The condensate drain sizing calculator estimates how much water an HVAC coil produces and returns the minimum drain pipe diameter required by the mechanical code. It keeps installs both code-compliant and free of the overflow callbacks that come from undersized or clogged drains.
How it works
Two steps: estimate flow, then size by code:
condensate flow (GPH) = tonnage x 0.8 GPH/ton (humid-condition estimate)

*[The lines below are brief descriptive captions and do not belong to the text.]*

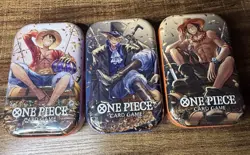 One Piece Vol 2 Three Brothers Tin Luffy OP13 Set of 3 New Factory Sealed - Image 1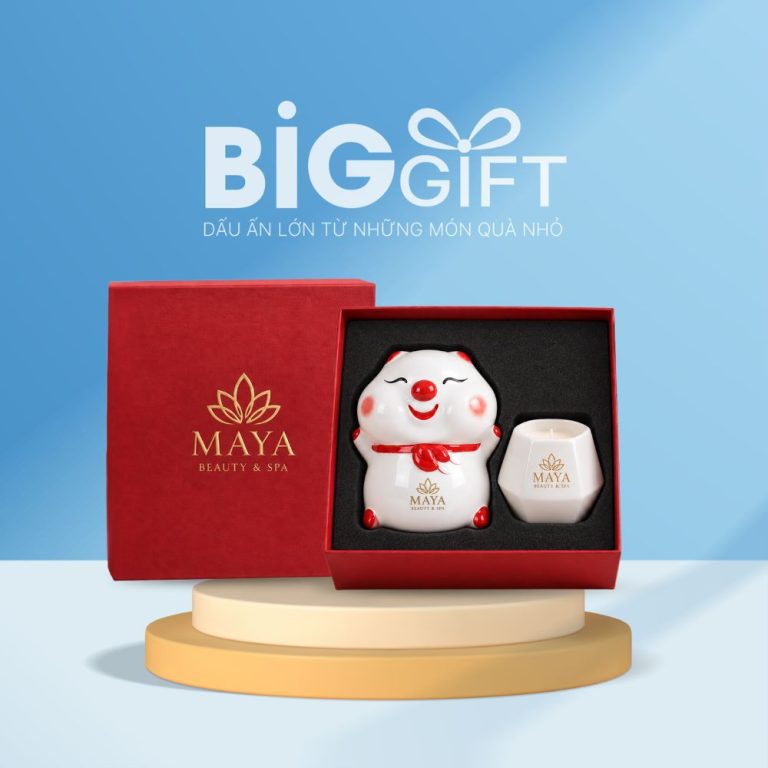 Bộ giftset in logo quà tặng heo đất bánh bao và cốc sứ đựng nến thơm BGS-02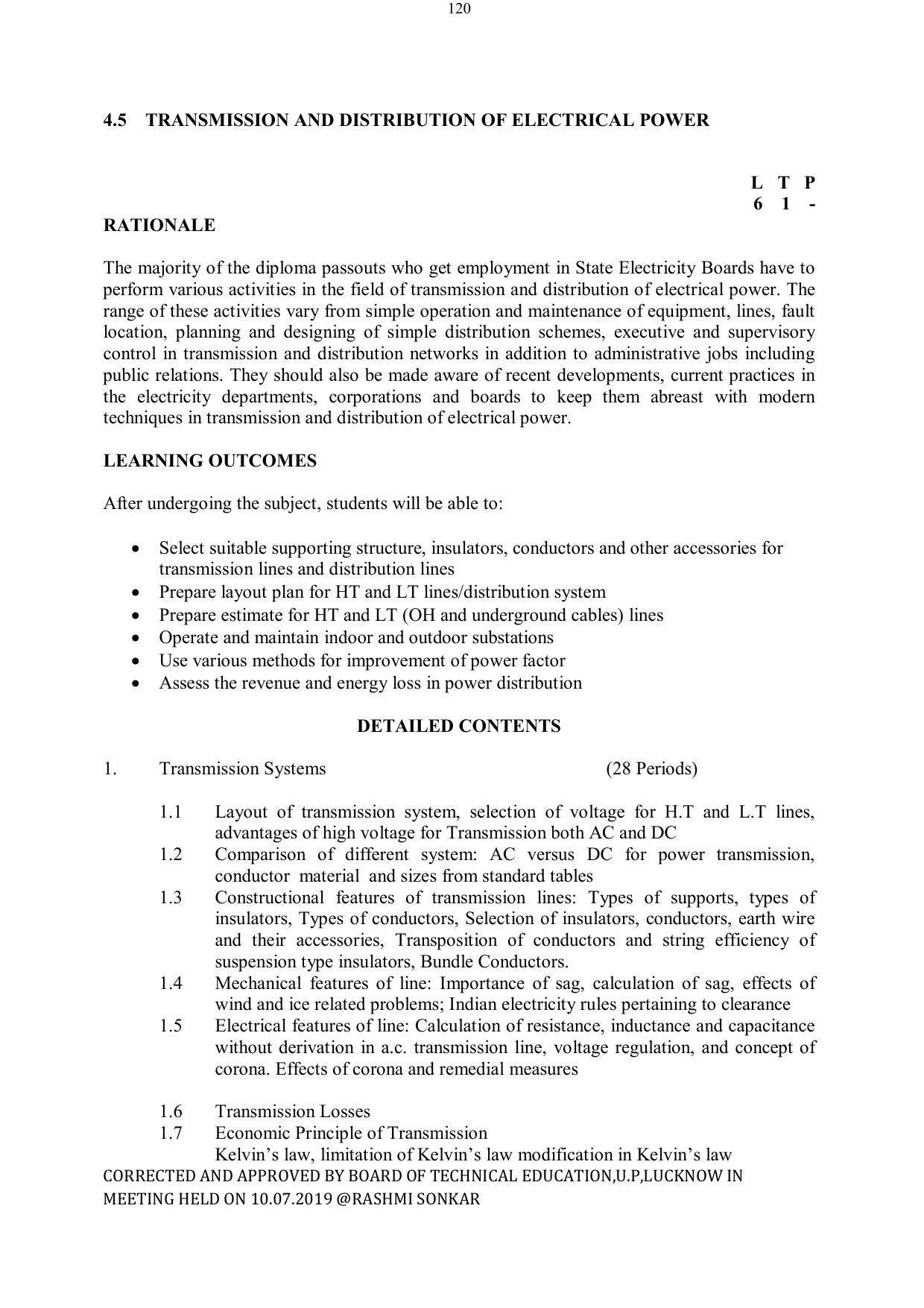 EFFECTIVE FROM JULY 2019-20 - SIX SEMESTER DIPLOMA COURSE IN ELECTRICAL ENGINEERING - Page 120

IMC Table 307.2.2 minimum drain diameter, by equipment capacity:
up to 20 tons -> 3/4 in
over 20 to 40 tons -> 1 in
over 40 to 90 tons -> 1-1/4 in
over 90 to 125 tons -> 1-1/2 in
over 125 to 250 tons -> 2 in
Note that the code sizes the drain by equipment tonnage, not by the computed GPH; the flow estimate is shown so you can sanity-check capacity and plan the discharge point. The secondary or auxiliary drain is sized identically to the primary.
Example and tips
A 5-ton residential air handler produces roughly 5 x 0.8 = 4 GPH of condensate and, being under 20 tons, needs a 3/4 inch minimum primary drain and a matching 3/4 inch secondary or overflow safety. A 50-ton rooftop unit needs a 1-1/4 inch drain per the table. Always slope the line at least 1/8 inch per foot, fit a manufacturer-sized P-trap on draw-through units, and add a cleanout near the unit so the line can be cleared without cutting pipe.